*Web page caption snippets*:
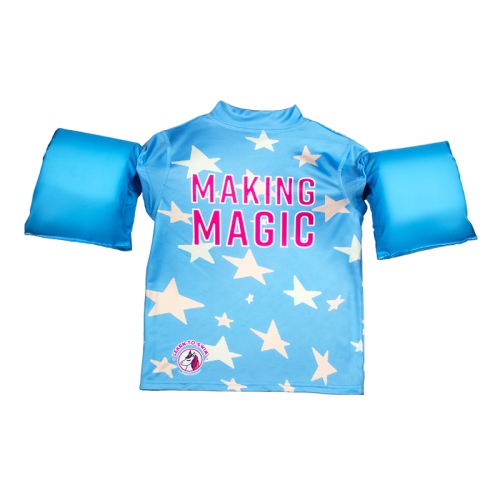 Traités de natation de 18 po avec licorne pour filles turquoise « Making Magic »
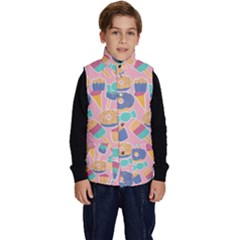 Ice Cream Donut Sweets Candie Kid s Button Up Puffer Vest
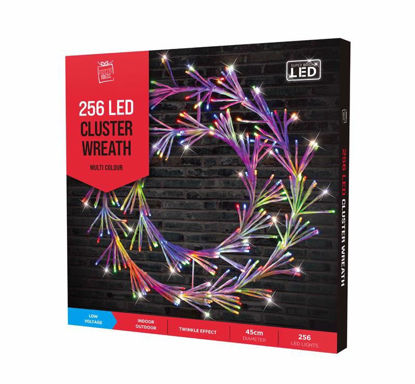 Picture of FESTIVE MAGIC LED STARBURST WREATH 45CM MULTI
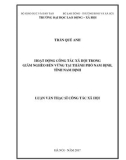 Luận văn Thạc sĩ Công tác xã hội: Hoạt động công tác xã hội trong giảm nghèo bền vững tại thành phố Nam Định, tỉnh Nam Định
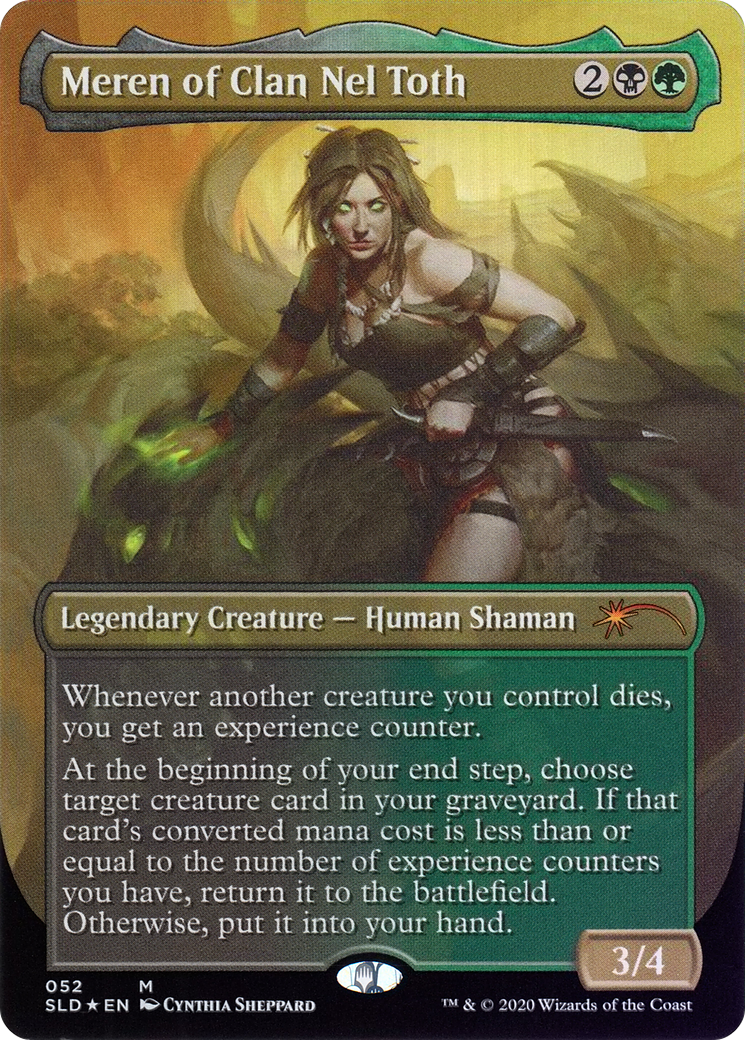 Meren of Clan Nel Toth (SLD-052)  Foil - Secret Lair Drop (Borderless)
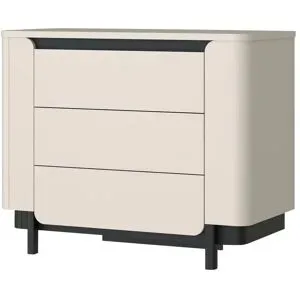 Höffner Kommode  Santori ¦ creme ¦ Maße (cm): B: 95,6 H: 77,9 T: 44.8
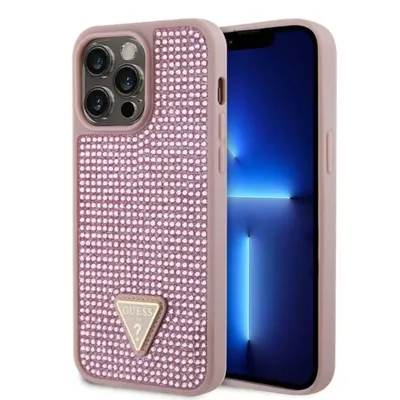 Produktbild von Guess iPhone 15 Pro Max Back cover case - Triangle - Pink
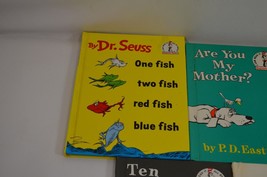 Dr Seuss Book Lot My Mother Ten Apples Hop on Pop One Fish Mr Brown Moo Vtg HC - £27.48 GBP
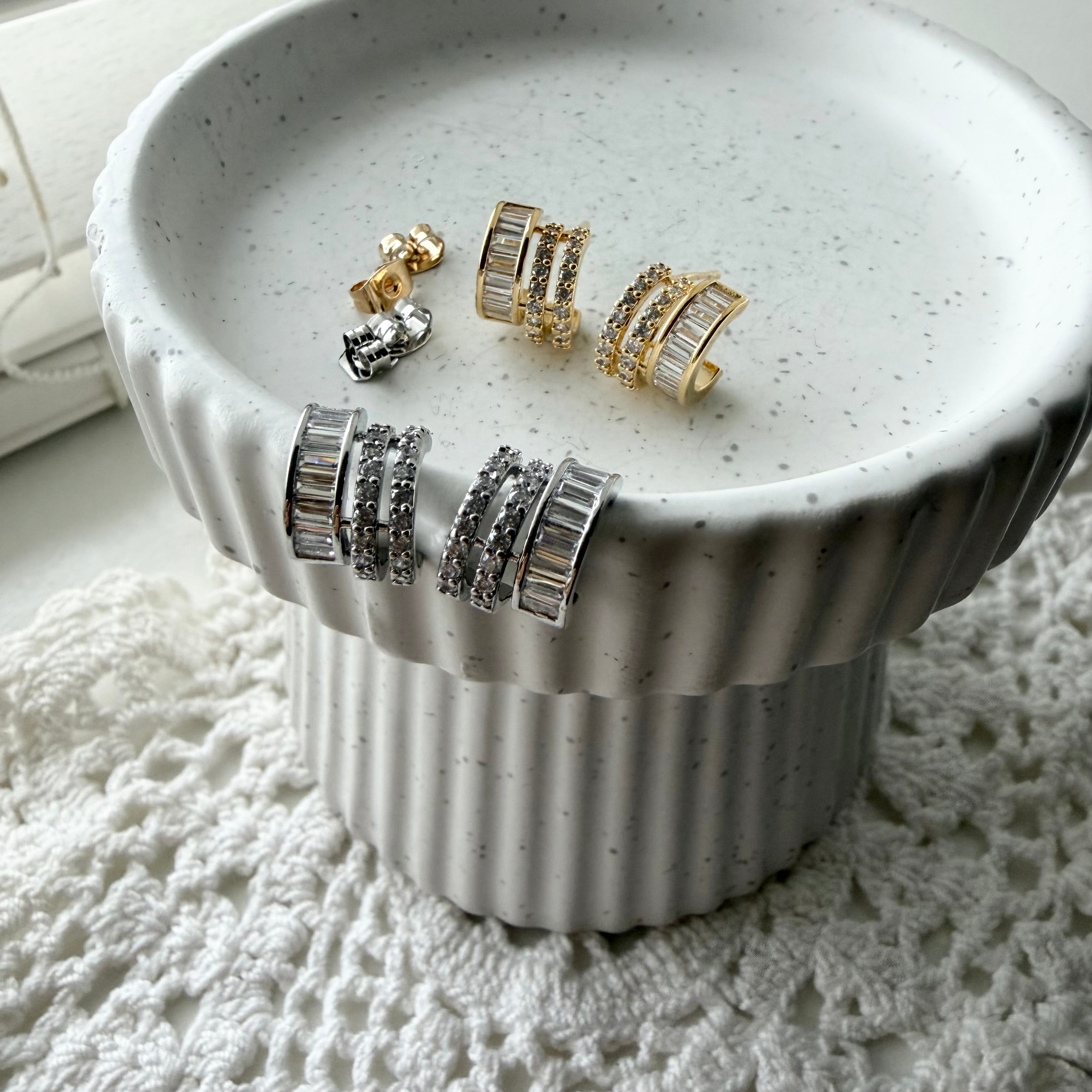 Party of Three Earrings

*Try it*: In the copy, each entry above must match exactly, and no picture may be carried over.

*Output of the exercise*:
 Traités de natation de 18 po avec licorne pour filles turquoise « Making Magic »
 Ice Cream Donut Sweets Candie Kid s Button Up Puffer Vest
 Picture of FESTIVE MAGIC LED STARBURST WREATH 45CM MULTI
 Luận văn Thạc sĩ Công tác xã hội: Hoạt động công tác xã hội trong giảm nghèo bền vững tại thành phố Nam Định, tỉnh Nam Định
 Meren of Clan Nel Toth (SLD-052)  Foil - Secret Lair Drop (Borderless)
 Höffner Kommode  Santori ¦ creme ¦ Maße (cm): B: 95,6 H: 77,9 T: 44.8
 Produktbild von Guess iPhone 15 Pro Max Back cover case - Triangle - Pink
 Dr Seuss Book Lot My Mother Ten Apples Hop on Pop One Fish Mr Brown Moo Vtg HC - £27.48 GBP
 Party of Three Earrings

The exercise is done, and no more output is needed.